# How to find out whether house is rented or not



## diver (3 Jan 2010)

Hi, 

I live next door to a house that I suspect may be rented.

My neighbours are causing trouble ie noise at night, very untidy at front of house, parking over my driveway etc. 

I have had to call the Gardai four times now but the problems are still occurring. These people are living in this house over 4 years now.

Is there a way to find out whether the house is rented or not? 

If it turns out to be rented, how would I go about contacting the landlord?

Thanks in advance for any advice!


----------



## paddyjnr (3 Jan 2010)

You could firstly check to see if the house is registered with http://www.prtb.ie/


----------



## diver (3 Jan 2010)

Thanks for reply. Already checked and it's not registered. I don't think they own the house as both adults don't work so don't know how they could afford to pay the mortgage!


----------



## Hillsalt (3 Jan 2010)

I take it that you are not in the neighbourhood too long? You could ask the postman or the ESB meter reader if you are friendly with them. Or ask another neighbour.
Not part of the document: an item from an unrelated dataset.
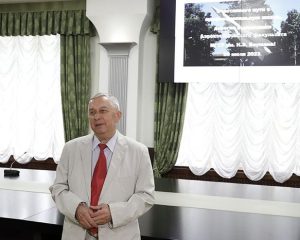 От радиотехники – к космосу.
What do you hope to achieve by finding out if the property is rented? The landlord won't be kicking them out just because of your complaints.


----------



## allthedoyles (3 Jan 2010)

Report it to this department first :

http://www.environ.ie/en/Environmen...ionPaper/NeighbourhoodDomesticNoisePollution/


----------



## round1 (4 Jan 2010)

Have you a local residents association ?. They probably have details of house owners. Landlords are legally responsible for antisocial behavior by  tenants so you should document all incidents in case you need to bring a case to the PRTB.


----------



## Optimist (6 Jan 2010)

Hillsalt - [broken link removed]!


----------



## MaryBe (7 Jan 2010)

Optimist said:


> Hillsalt - [broken link removed]!


 
So now the Landlord is responsible for the Tenant's social behaviour.  When will the responsibility lie with the person/people causing the trouble.


----------



## diver (7 Jan 2010)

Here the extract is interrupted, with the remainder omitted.